4234 Abdullah ibn Omer’in iki oğlu Ubeydullah ile Salim, babaları Abdullah ibn Omer’le konuştuklarını Nâfi’e haber vermişlerdir. H ve yine bize Mûsâ ibn İsmâîl tahdîs etti: Bize Cuveyriye, Nâfi’den şöyle tahdîs etti: Abdullah ibn Omer’in oğullarından bâzısı İbn Omer’e:
— Bu yıl yerinde kalsan (hacca gitmesen elbette daha hayırlı olur)! Çünkü ben senin bu sene Beyt’e ulaşamayacağından korkuyorum, dedi.
İbn Omer dedi ki:
— Biz Peygamber’in beraberinde yola çıktık. Kureyş kâfirleri Beyt’e varmağa mâni’ oldular. Bunun üzerine Peygamber kurbanlıklarını kesti, başını tıraş etti, sahâbîleri de saçlarını kısalttılar.
İbn Omer devamla şöyle dedi:
— Sizi şâhid tutuyorum ki, ben kendime umre yapmayı vâcib kıldım.

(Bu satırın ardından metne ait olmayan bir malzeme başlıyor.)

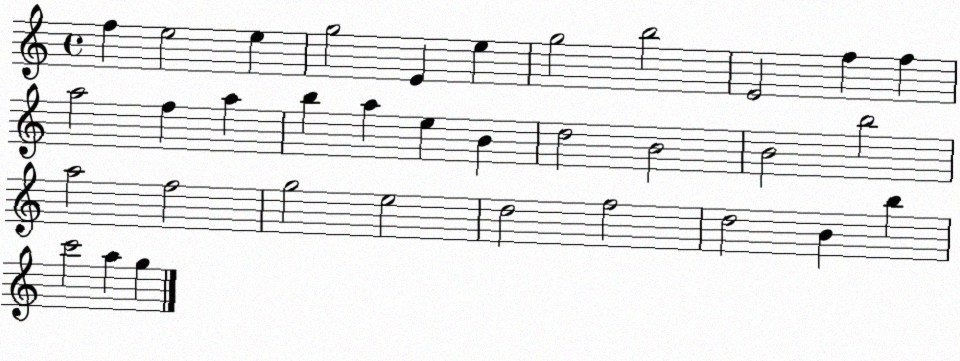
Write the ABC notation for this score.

X:1
T:Untitled
M:4/4
L:1/4
K:C
f e2 e g2 E e g2 b2 E2 f f a2 f a b a e B d2 B2 B2 b2 a2 f2 g2 e2 d2 f2 d2 B b c'2 a g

Eğer benimle Beyt’in arası serbest bırakılırsa Beyt’i tavaf ederim. Eğer benimle Beyt’in arasına engel olunursa, ben de Rasûlüllah’ın (Hudeybiye’de) yaptığı gibi yaparım, dedi (ve Zu’l-Huleyfe’de umre niyetiyle ihrama girdi).
Bir saat gittikten sonra:
— Mâni’ olunmakla ihramdan çıkmanın cevazında hacc ile umrenin ikisini de bir görüyorum (aralarında fark görmüyorum). Sizleri şâhid tutuyorum ki, ben umrem ile beraber haccı da kendime vâcıb kıldım, dedi (ve kıran haccına niyet etti).
Mekke’ye girdiği gün bir tavaf ve bir sa’y yaptı (ikaamet etti). Nihayet (nahr gününde kurbanını kesip) iki ibâdetten beraberce ihramdan çıktı.